WASHINGTON (Reuters) - Israel is confident a second auction to sell rights to develop offshore natural gas will be more successful than its first because some Arab countries have shown they are open to importing the fuel, the country’s energy minister said in an interview on Tuesday.
Israel, which discovered it has large reserves of natural gas offshore in 2009, will hold a second auction in October or November, offering about 20 or 25 blocks in the Mediterranean.
The first auction, held last year, only got bids from two companies as some oil majors were concerned about a backlash from oil-rich Arab states hostile to the country.
But Egypt agreed early this year to buy $15 billion in Israeli gas and Yuval Steinitz, Israel’s energy minister, is confident that sale, and another one to Jordan, will help the auction get more attention this year.
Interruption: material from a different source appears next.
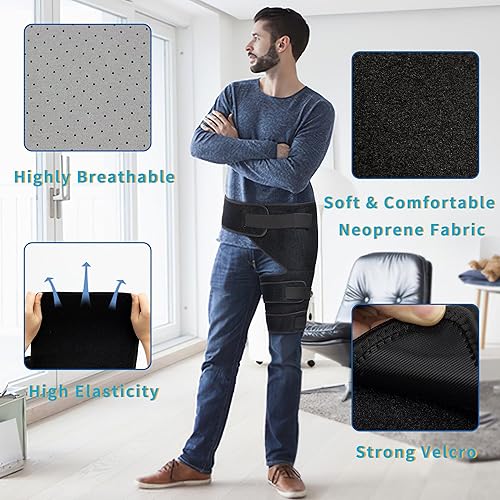 Miniatura 5 de Hiball Soporte de compresión ajustable para cadera, ingle y isquiotibiales para hombres y mujeres, manga de compresión de muslo con 6 correas de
Egypt and Jordan are the only two Arab countries that have treaties with Israel. Though powerful Sunni Gulf Countries like Saudi Arabia and the United Arab Emirates do not recognize Israel, the U.S. allies do have a shared concern over Iranian influence in the region.
“I think companies were skeptics about the exporting possibilities” of Israel, Steinitz told Reuters in an interview. “Things are different now.”
In March, the partners in Israel’s offshore natural gas field Leviathan, its largest, said that all conditions have been met to allow the supply of gas to Jordan’s power generating company. In 2016 Leviathan’s partners signed a 15-year, $10 billion deal to supply gas to Jordan, subject to conditions and approvals.
Steinitz met with five energy companies this week, in part to spark interest in the auction, including Exxon Mobil, France’s Total, and Australia’s Woodside Energy, on the sidelines of the World Gas Conference held in Washington.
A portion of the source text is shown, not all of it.